Recuerdos de la SAFA: El “Grand Tour” del 67

 El “Grand Tour” del 67

(“Grand Tour”: Dícese del largo viaje que realizaban los jóvenes aristócratas británicos de los siglos XVII y XVIII por toda Europa, especialmente Francia e Italia.)

Antes de los exámenes trimestrales previos a las vacaciones de Navidad, nos reunieron en el aula de estudio nuestros tutores, el Padre Oviedo y D. Bernardo, y nos propusieron algo que primero nos sorprendió y luego nos entusiasmó: hacer un viaje de fin de curso por algunas ciudades de Andalucía. Así, a bote pronto, nos pareció un regalo divino: la mayoría de nosotros no había hecho más viaje digno de tal nombre que de nuestro pueblo a Úbeda. Llenos de entusiasmo, apenas acertamos a preguntarles más detalles, pero ellos lo traían todo muy pensado. Nos lo decían en ese momento por dos razones: para que recabásemos la autorización de nuestras familias en las vacaciones y para que empezásemos a organizar los detalles; sobre todo, la financiación. Lo primero, cosa fácil: la mayoría volvimos de las vacaciones con un permiso firmado. Bueno, algunos no lo trajeron y discretamente no quisimos preguntar el porqué (ya suponíamos que las disponibilidades económicas de muchos no estaban para tales dispendios), pero pronto nos juntamos una cincuentena de entusiastas viajeros.

Entusiasmo a la ida y cansancio a la vuelta. Obsérvese la fila central de sillas en el pasillo.

Lo primero, el coste. D. Bernardo propuso que, para facilitar el desembolso a las familias y evitar tener que hacerlo en un solo pago, cada mes aportásemos una cuota a la medida de las posibilidades de cada cual y calculó como adecuada la cantidad de 50 pesetas mensuales. No era cantidad pequeña: esa era la asignación que mi casa me mandaba cada mes para todos mis gastos. Pero dos duros arriba o dos duros abajo, todos fuimos aportando lo que podíamos. El P. Oviedo me encargó que llevase la contabilidad de las cuotas, con no poco susto por mi parte.

Después, el autobús. Y ahí surgió la sorpresa: el P. Prefecto dijo que él tenía un conocido y que nos conseguiría un autobús a buen precio. Dicho y hecho. No solo eso, es que además era un vehículo bastante nuevo para lo que estábamos acostumbrados a usar. El problema: solo tenía 41 asientos, cosa normal entonces. La solución: llevaríamos 8 sillas plegables, de madera, en el pasillo (si nos hubieran pillado los picoletos de hoy, se nos hubieran fundido los plomos), con la consigna de agachar bien las cabezas si avistábamos una pareja de la Guardia Civil por las proximidades.

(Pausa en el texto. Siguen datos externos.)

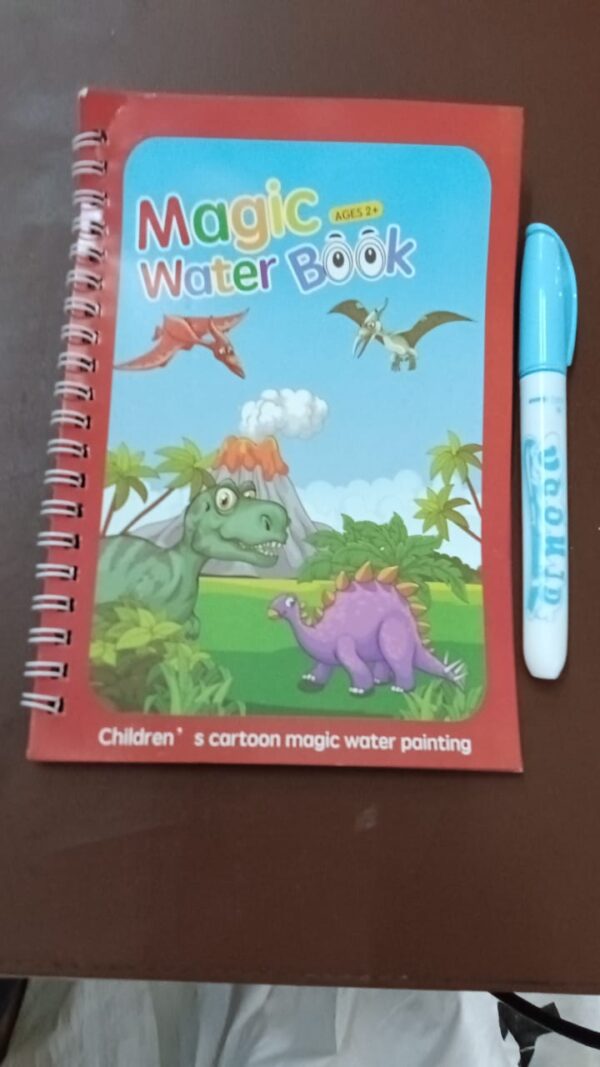 Magic Water Book Age 2 Plus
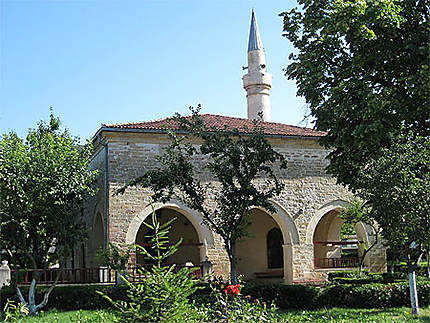 Babadag, la mosquée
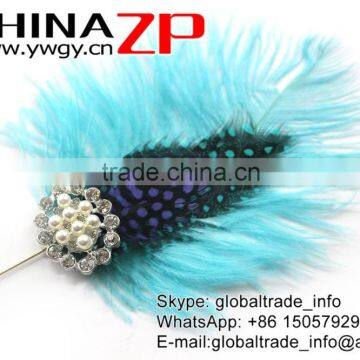 CHINAZP No.1 Supplier in China Factory Exporting Wholesale From 20-25cm Colored Balck Ostrich Feathers photo-5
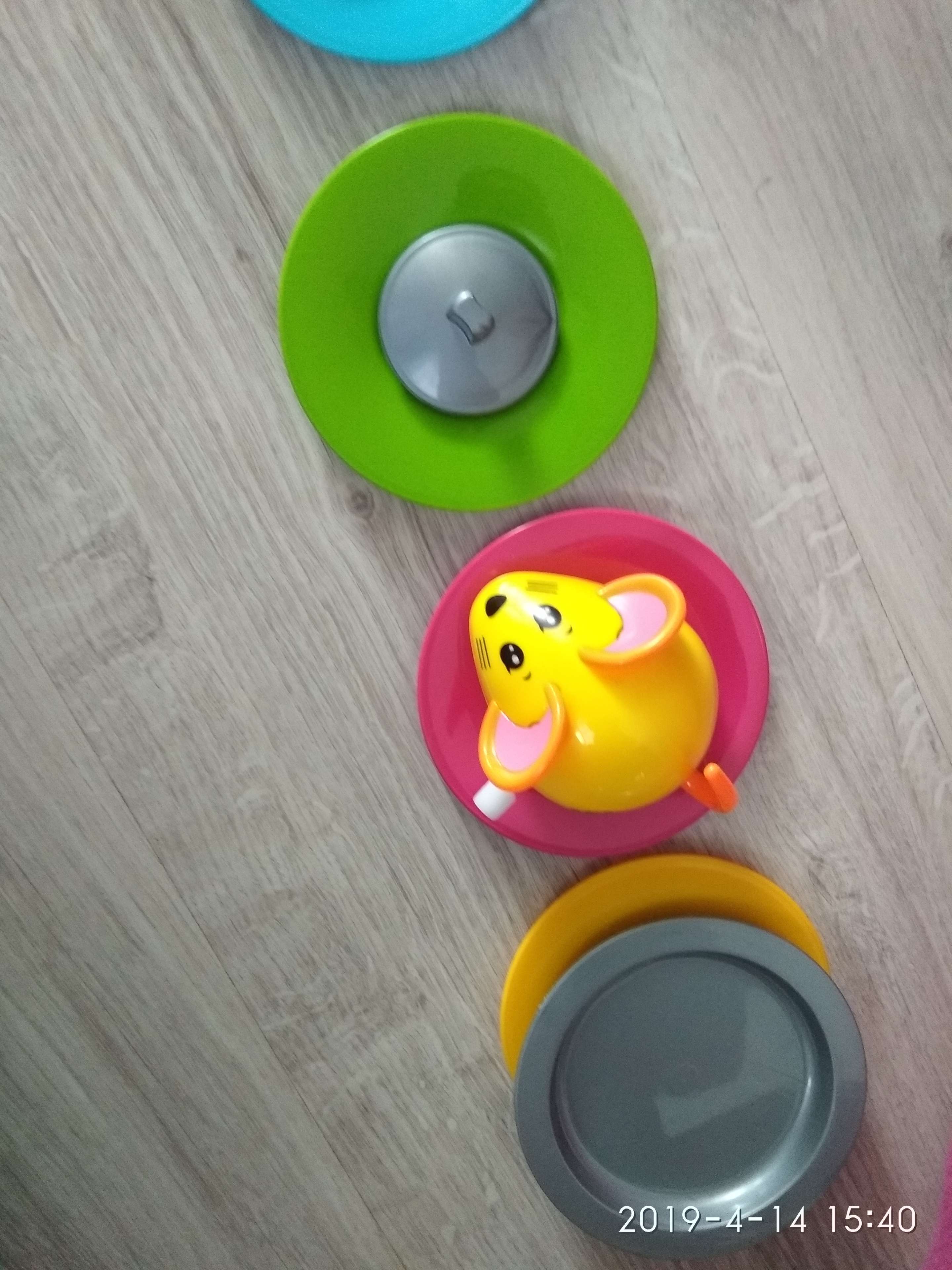 Фотография покупателя товара Заводная игрушка «Мышка», цвета МИКС
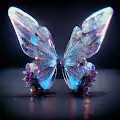 crystal Butterfly
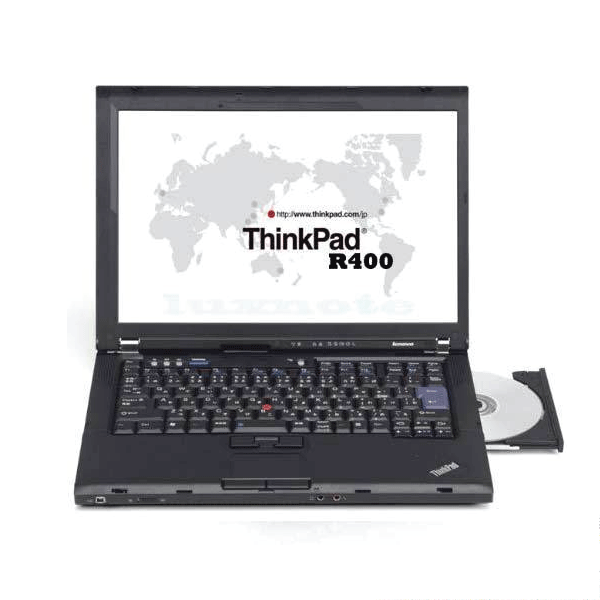 Lenovo ThinkPad R400 Core 2 Duo P8400 2.4GHz 2GB 320GB WVB 14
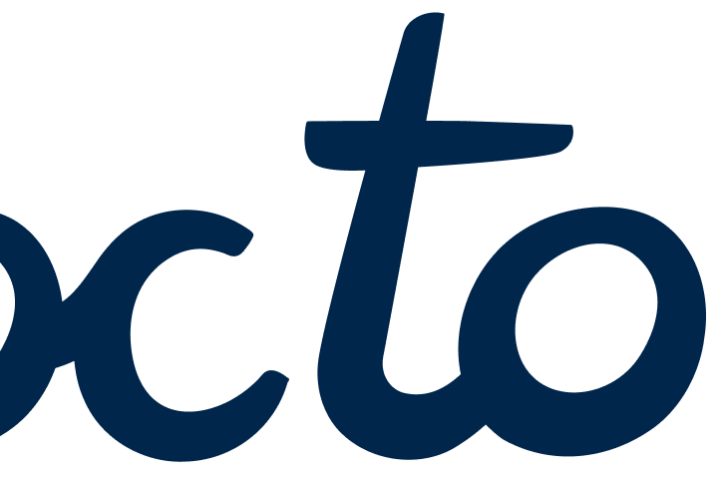 Doctolib le logo de présentation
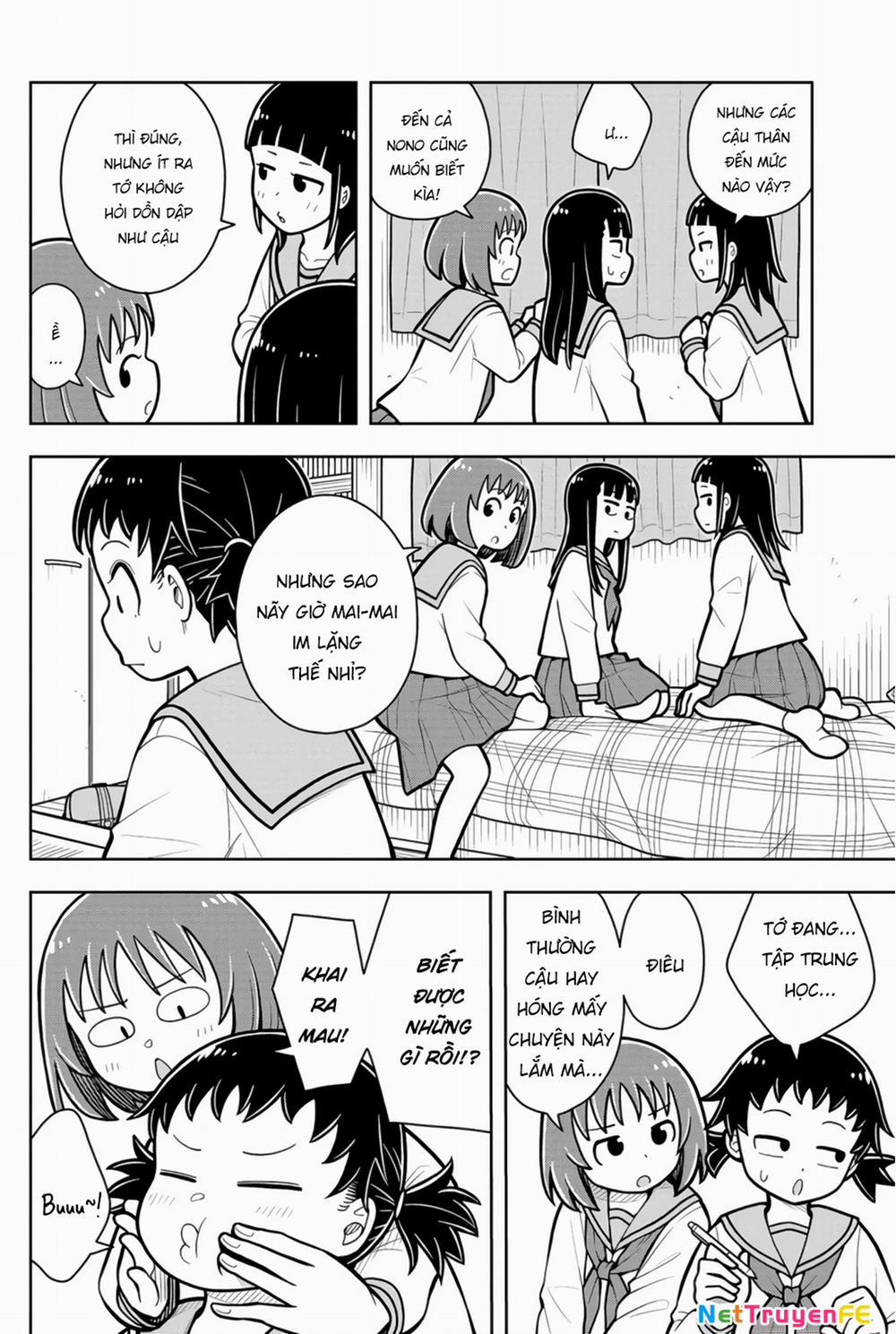 Kyou Kara Hajimeru Osananajimi 27 trang 7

Todo lleno de contento, mientras esperaba a que empezase la película en el cine de los talleres, le conté la buena nueva a mi paisano y amigo Rafael, que cursaba el último curso de Magisterio, y me llamó la atención que no se sorprendió lo más mínimo:

– Mi hermano mayor ya hizo un viaje fin de curso, pero fueron a Madrid y sitios cercanos.

-¿Y cómo fue eso? ¿Cómo se lo pagaron?

-Cada uno como pudo. Muchos fueron a la aceituna varios fines de semana, y aunque volvían desriñonados, lo compensaba la satisfacción de que cada vez tenían más cerca ese fantástico viaje. Otros se buscaron un trabajillo, hicieron rifas, incluso obras de teatro cobrando la entrada. En fin, se buscaron la vida. A mi hermano le ayudó mi abuela, que tenía unos cuartos ahorrados.

-¿Y les salió bien?

-Bastante bien, aunque con estrecheces. El primer tramo, de Linares-Baeza a Madrid, lo hicieron en el exprés nocturno que era más barato. Como además era mediados de Junio, no tuvieron los problemas de frío habituales en aquellos trenes sin calefacción.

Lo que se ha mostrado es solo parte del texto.